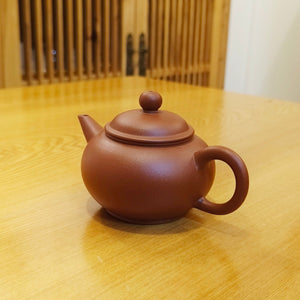 原礦宜興紫砂壺生砂朱泥水平壺140CC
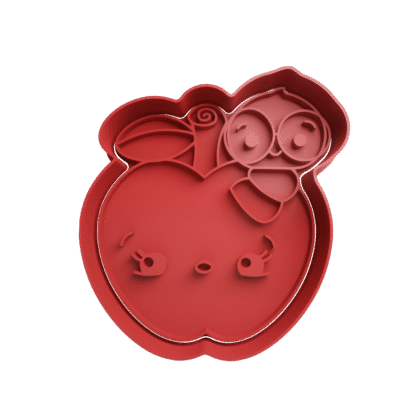 Manzana Con Gusano Dia Del Maestro Cortante Para Galletitas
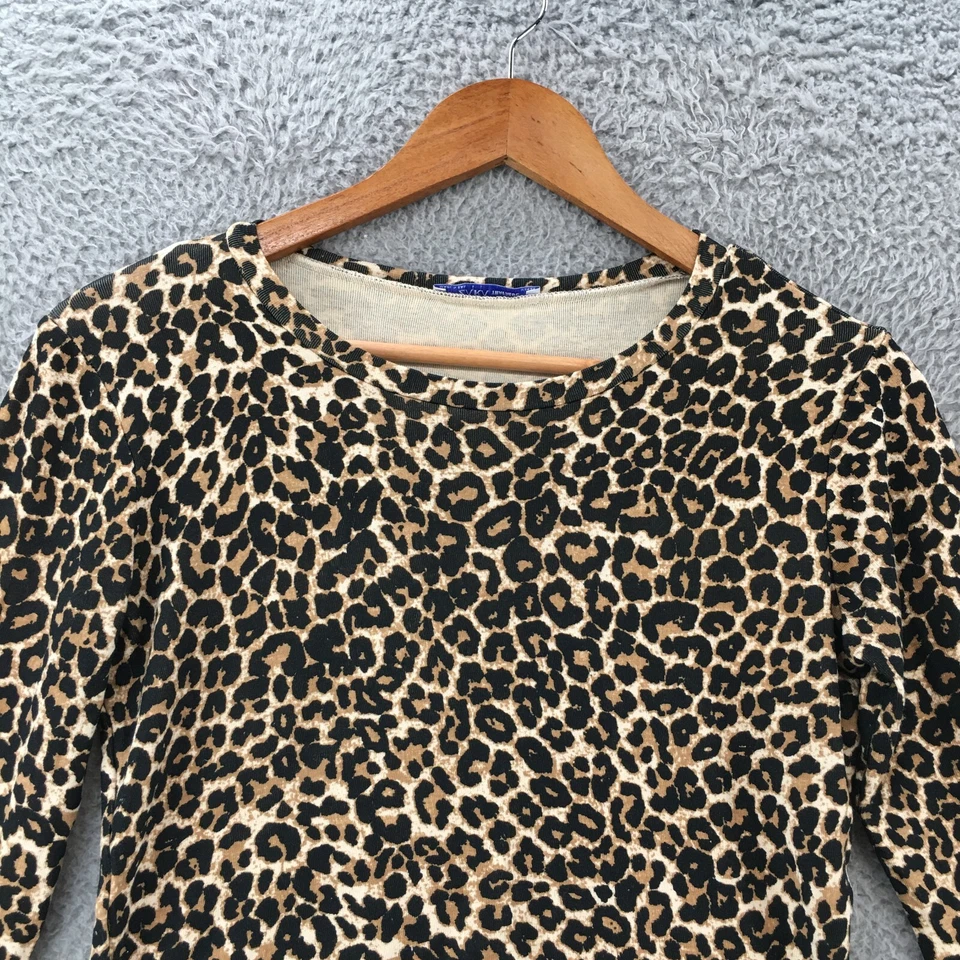 Top corto Zara Trafaluc manga larga para mujer mediano negro marrón estampado de leopardo Crew Foto 2 de 4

Assignment:
Exact lines, nothing more: output the one with "Manzana Con Gusano" and every later line through the end of the data, skipping pictures.

Response area:
 Manzana Con Gusano Dia Del Maestro Cortante Para Galletitas
 Top corto Zara Trafaluc manga larga para mujer mediano negro marrón estampado de leopardo Crew Foto 2 de 4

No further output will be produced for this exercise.